Dual Power Source and Overvoltage Protection
Many applications require a circuit to run from one of two voltage sources. Usually these sources are an ac adapter and battery configuration. This is particularly the case with guitar effect units. It is necessary to supply current to the circuit from the ac adapter when it is present. When this is occurring, the current drain from the battery needs to be minimal. When the battery is the only source present, the voltage needs to be delivered to the circuit without significant voltage drop. It is also desirable to guard against an ac adapter being present that is not the rated to the correct voltage for the circuit (overvoltage protection).
Figure 1 below provides a very basic solution.
Figure 1: Schematic of circuit.
D3 is a zener diode. It is reversed biased and increases the current flow through it once the zener voltage is exceeded (9.1V in the above circuit). The zener works as a voltage regulator, keeping the voltage close to 9.1 volts, even though the ac adapter may be providing much more. Be sure to select a zener diode that has a power rating that will cope with the current flow through it. A 5 watt zener should be sufficient for significant overvoltages, but lower rated zeners can be placed in parallel to provide the same level of protection.
D1 and D2 prevents current flowing from one voltage source to the other. R2 reduces the current flow from the battery when the ac adapter is present. A majority of the current will flow from the ac adapter. R1 and R2 need to be small enough not to cause loading in the main circuit when the battery is the only source present, but large enough to provide significant resistance to current flow when the ac adapter is plugged in. The presence of R1 and R2 will set up a voltage divider with the load resistance (not shown in figure 1), reducing the voltage supplied to the circuit from the battery.
The use of a zener diode for overvoltage protection is not full proof. It will not protect against very large voltage spikes or provide short circuit protection.
Figure 2 demonstrates what happens to the current flow in both of the voltage sources over a voltage sweep. The voltage is increased from 0 - 14 volts in the AC adapter. At 8V current starts to flow from the AC adapter (red) through a 1 k ohm load. At the zener voltage (9.1V) both sources contribute current equally to the load. At around 10V, the battery (yellow) has a significantly reduced current flow. To be effective, this circuit needs to have an AC adapter input of at least 10V. If this is not the case, significant power will continue to be consumed by the battery when an AC adapter is present.

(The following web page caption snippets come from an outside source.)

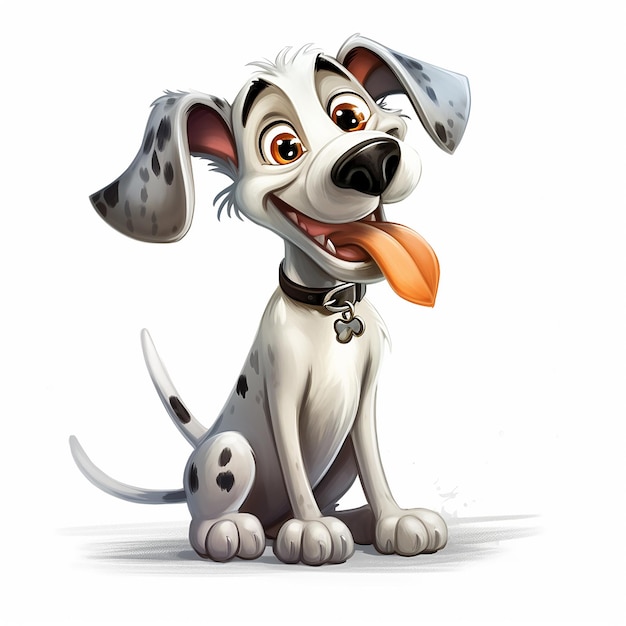 Illustration Cartoon-Hund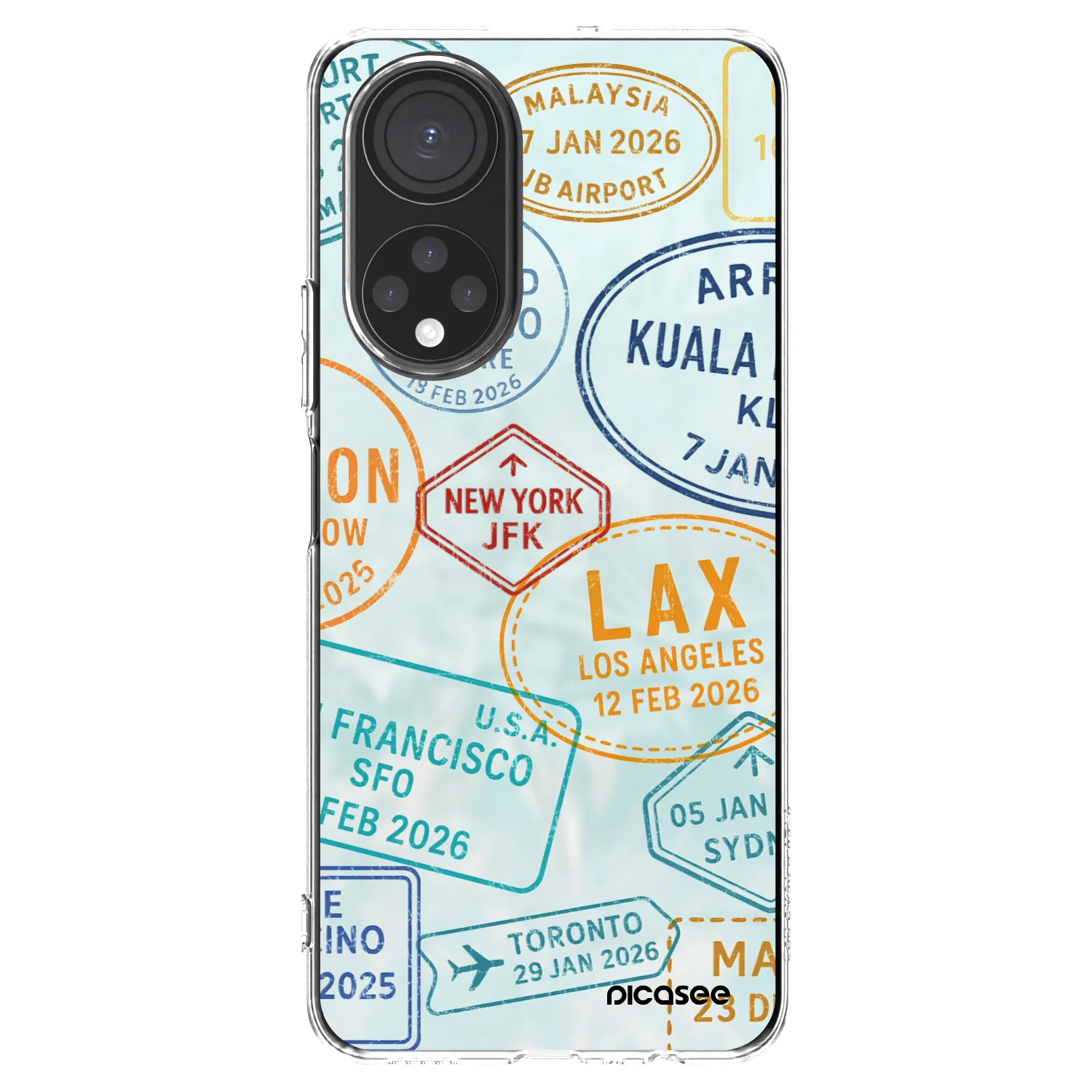 Picasee Honor X7 Hülle - Transparentes Silikon - PASSPORT EDITION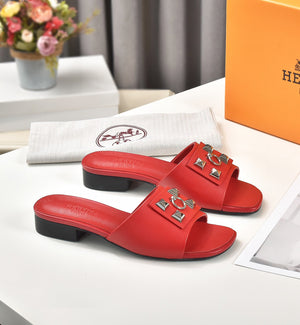 Hermes Women Shoes Designer Hermes Slippers Heel 60mm V80032 - 35 - View 3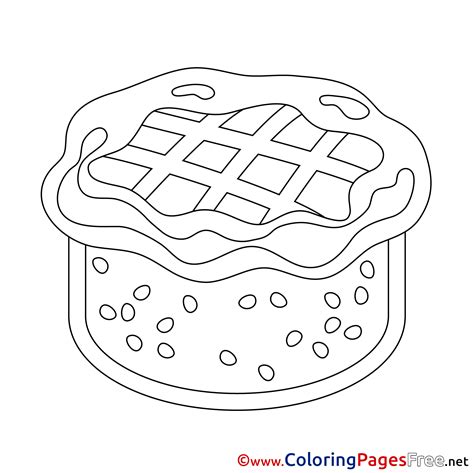 Free Happy Birthday Cake Coloring Sheets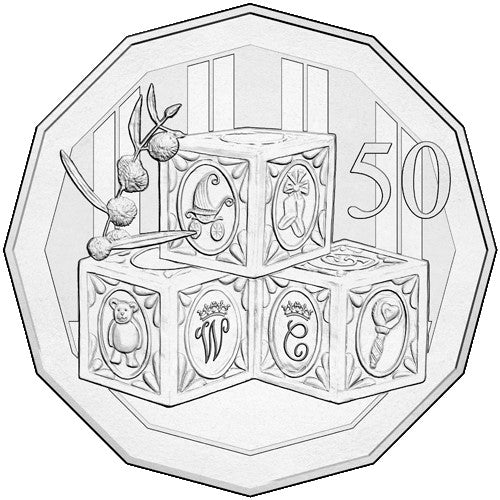 2015 50c Royal Baby Princess Charlotte Uncirculated Coin in Card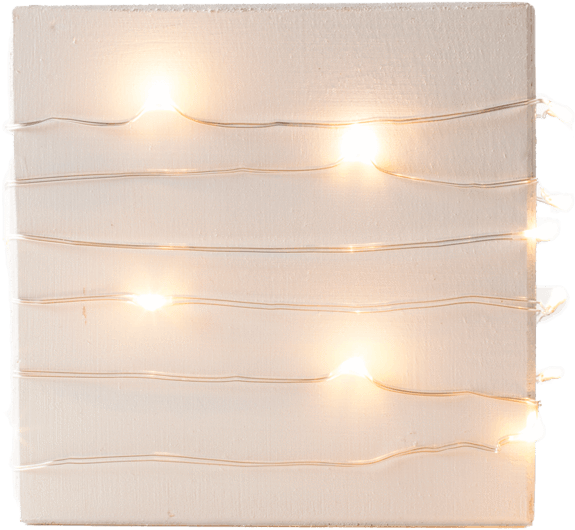 Illuminated Canvaswith String Lights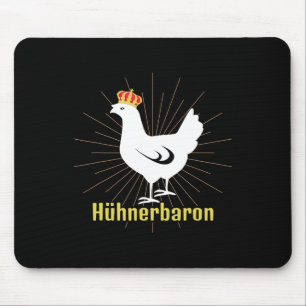 Chicken Ron Funny Chickens Whisper Farmer Chicken Mouse Pad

Figure 2: Voltage sweep of AC adapter (0 - 14V, Battery constant @ 9V) with current values of voltage sources (red = AC adapter, yellow = 9V battery).
Also notice in figure 2 how the current of the AC adapter increases in a linear fashion once the zener voltage is exceeded. If 50V is supplied by the adapter, 0.4A flows through the zener. This results in a power dissipation of 3.67W across the zener. One 5W, or four 1W diodes in parallel would then be required.
Figure 3 looks at the output voltage of the circuit. Until 8V, the battery is supplying the output at 7.58V. The 1.42V voltage drop is due to the diode and the resistor divider (R2 and the load resistor). After 10V, the output has started to settle on 8.5V, supplied by the AC adapter. By choosing a lower zener voltage, the difference in output voltage can be largely removed.
Figure 3: Voltage sweep of AC adapter (0 - 14V, Battery constant @ 9V) with output voltage.
See the Matlab .m file below to calculate power requirements and voltage output levels of the circuit.
function [Pz] = zener(Vin, Vout, Rz, Rl)
% ZENER - Power and output voltage of multi source circuit using zener overvoltage protection
% Vin: AC voltage input
% Vout: Required output voltage of the system (zener voltage)
% Rz: Value in ohms of the resistor in serieswith the AC adapter
% Rl: Load resistance
%
% Pz(1): Power dissipation of the zener diode
% Pz(2): Output voltage of the circuit
%
% Example:
% Pz = zener(16,9.1,100,1000)
Vratio = Vout / Vin;
Rb = (Vratio * Rz) / (1 - Vratio);
Iz = Vout / Rb;
Pz(1) = Iz * Vout;
Pz(2) = ((Rl / (Rl + Rz)) * Vout) - 0.45;